**TASK DETAILS:** Reproduce the full listing as it stands. Images do not belong in the copy.

**GIVEN MATERIAL:**
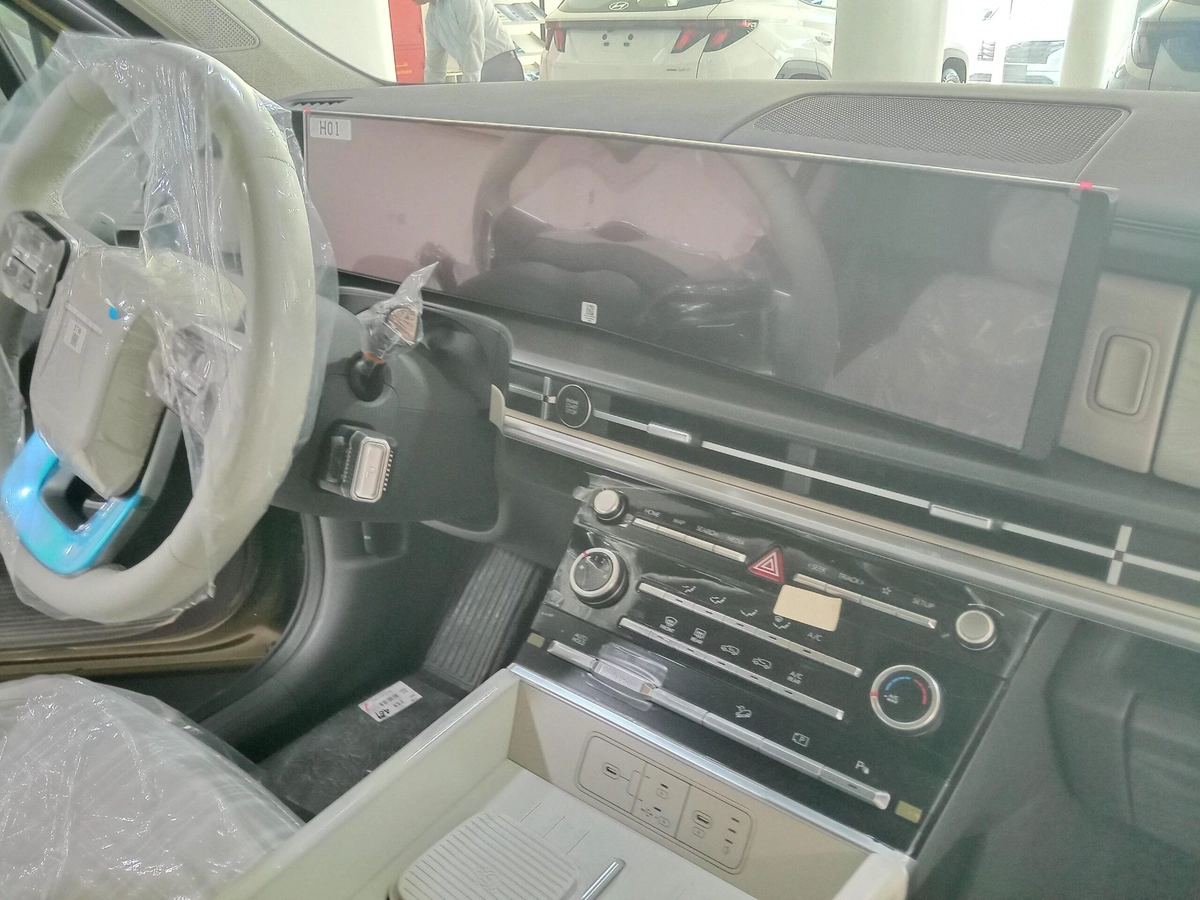 HYUNDAI SANTA FE 2.5L TURBO PETROL 2026 – GOLD-6-6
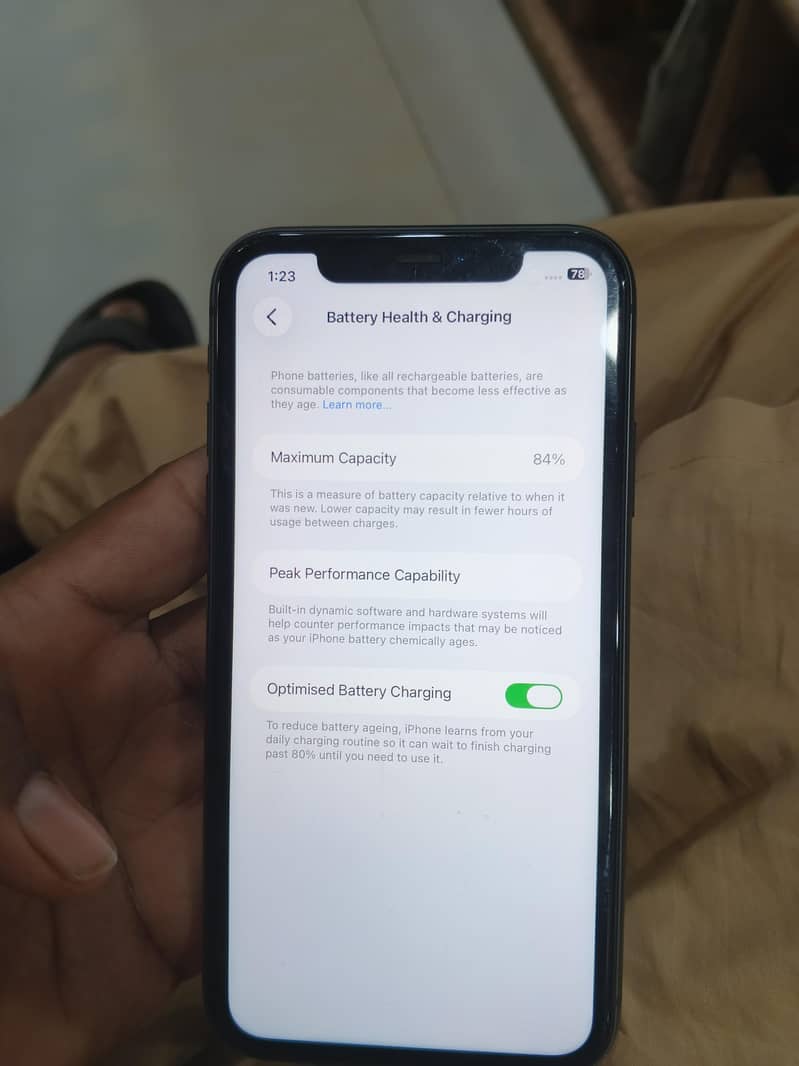 Apple iPhone 11 4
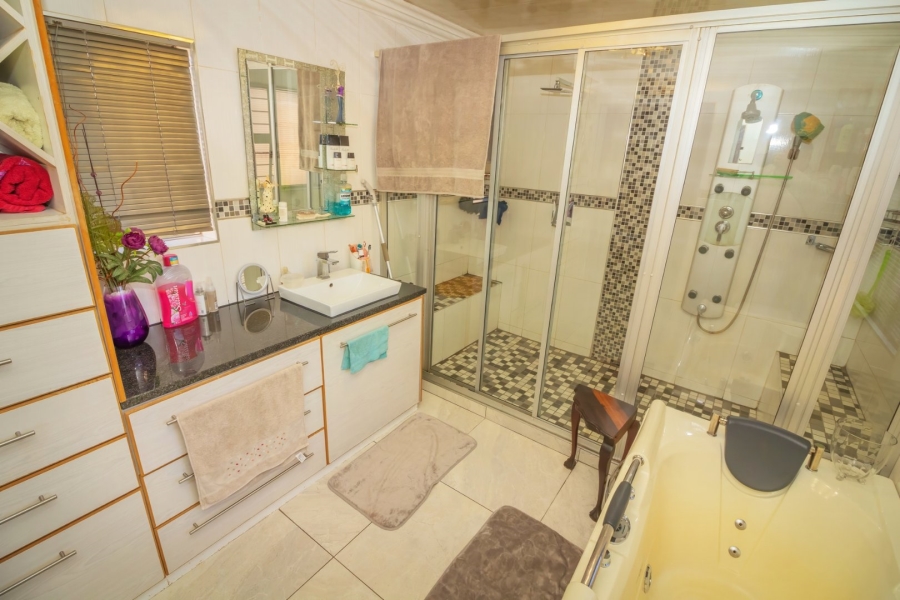 3 Bedroom Property for Sale in Kroonheuwel Free State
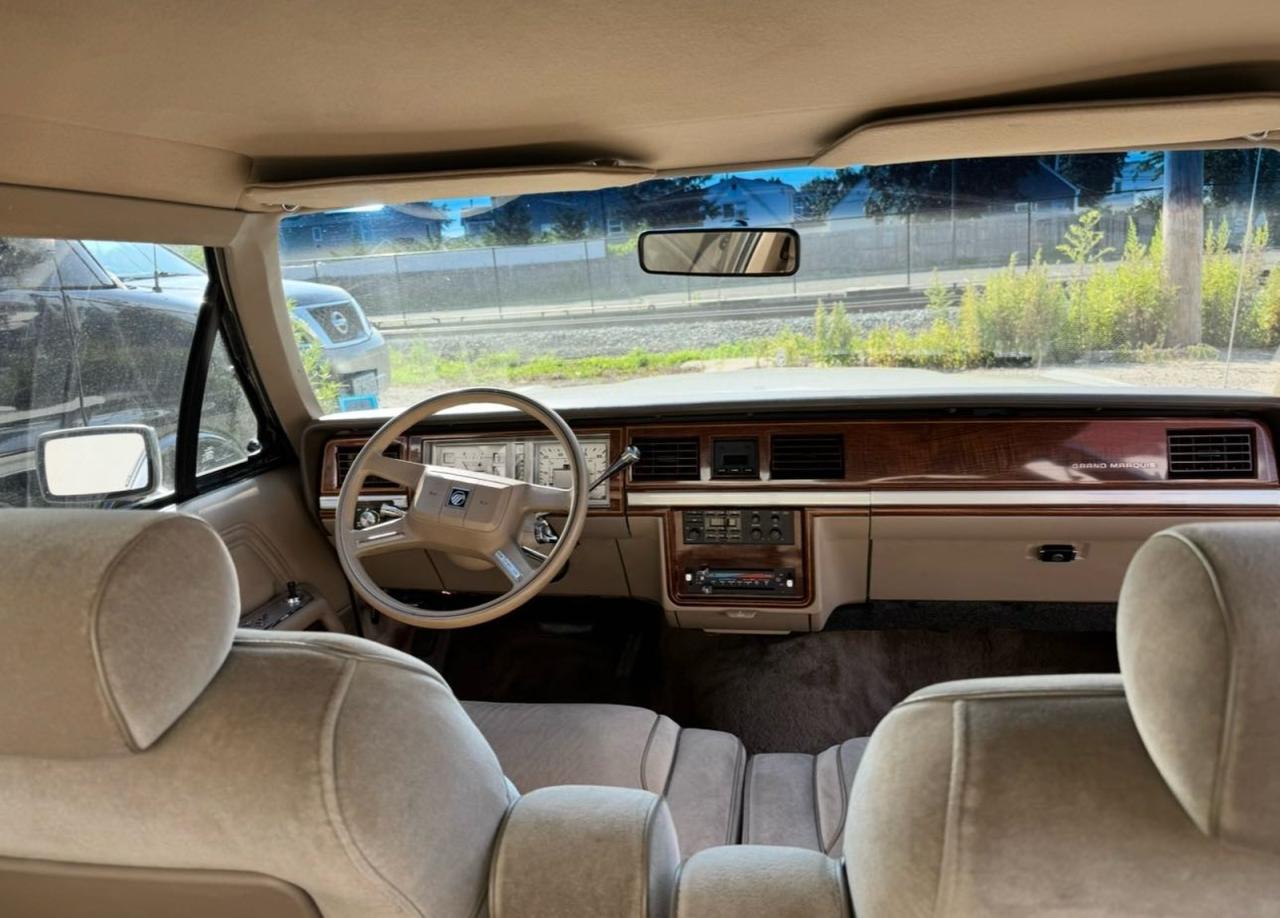 1988 Mercury Grand Marquis Gs Желто-коричневый vin: 2MEBM74F0JX644796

**RESULT OF THIS TASK:**
 HYUNDAI SANTA FE 2.5L TURBO PETROL 2026 – GOLD-6-6
 Apple iPhone 11 4
 3 Bedroom Property for Sale in Kroonheuwel Free State
 1988 Mercury Grand Marquis Gs Желто-коричневый vin: 2MEBM74F0JX644796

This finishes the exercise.